◆ What to do ◆
Output exactly the lines between the one holding "this 540×359 image." and the last line of the data below, both of those lines included.

Data entries
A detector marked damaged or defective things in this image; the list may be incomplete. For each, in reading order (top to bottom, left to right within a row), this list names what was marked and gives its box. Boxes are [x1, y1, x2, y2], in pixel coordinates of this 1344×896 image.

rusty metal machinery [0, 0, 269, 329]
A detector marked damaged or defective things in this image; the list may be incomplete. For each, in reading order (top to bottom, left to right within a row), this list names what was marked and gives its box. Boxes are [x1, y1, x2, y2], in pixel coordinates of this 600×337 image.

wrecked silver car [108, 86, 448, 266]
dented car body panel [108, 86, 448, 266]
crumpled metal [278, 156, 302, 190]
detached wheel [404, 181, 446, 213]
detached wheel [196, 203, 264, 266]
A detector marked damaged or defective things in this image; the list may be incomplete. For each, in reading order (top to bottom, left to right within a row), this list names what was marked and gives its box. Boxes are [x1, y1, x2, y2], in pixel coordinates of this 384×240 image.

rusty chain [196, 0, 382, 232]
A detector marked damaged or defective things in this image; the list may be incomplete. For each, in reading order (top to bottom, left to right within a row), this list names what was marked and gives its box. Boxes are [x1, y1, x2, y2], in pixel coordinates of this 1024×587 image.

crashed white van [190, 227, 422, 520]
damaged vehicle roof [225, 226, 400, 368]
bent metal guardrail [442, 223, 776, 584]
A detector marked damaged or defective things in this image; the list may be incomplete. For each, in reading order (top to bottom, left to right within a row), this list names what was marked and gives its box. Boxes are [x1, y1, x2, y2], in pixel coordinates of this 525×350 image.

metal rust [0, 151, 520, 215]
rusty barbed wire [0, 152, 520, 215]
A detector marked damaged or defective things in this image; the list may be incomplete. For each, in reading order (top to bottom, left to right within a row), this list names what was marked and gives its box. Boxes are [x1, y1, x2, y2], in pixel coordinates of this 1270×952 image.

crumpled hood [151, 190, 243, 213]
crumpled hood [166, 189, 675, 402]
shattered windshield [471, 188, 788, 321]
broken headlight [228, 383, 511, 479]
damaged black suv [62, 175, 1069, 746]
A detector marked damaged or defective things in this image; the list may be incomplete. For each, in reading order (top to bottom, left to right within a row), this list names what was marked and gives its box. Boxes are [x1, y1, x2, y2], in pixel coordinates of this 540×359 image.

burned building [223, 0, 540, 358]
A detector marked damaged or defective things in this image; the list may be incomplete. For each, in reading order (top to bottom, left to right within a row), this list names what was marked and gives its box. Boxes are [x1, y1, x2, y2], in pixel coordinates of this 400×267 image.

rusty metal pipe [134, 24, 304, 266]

◆ Solution to this problem ◆
A detector marked damaged or defective things in this image; the list may be incomplete. For each, in reading order (top to bottom, left to right within a row), this list names what was marked and gives its box. Boxes are [x1, y1, x2, y2], in pixel coordinates of this 540×359 image.

burned building [223, 0, 540, 358]
A detector marked damaged or defective things in this image; the list may be incomplete. For each, in reading order (top to bottom, left to right within a row), this list names what was marked and gives its box. Boxes are [x1, y1, x2, y2], in pixel coordinates of this 400×267 image.

rusty metal pipe [134, 24, 304, 266]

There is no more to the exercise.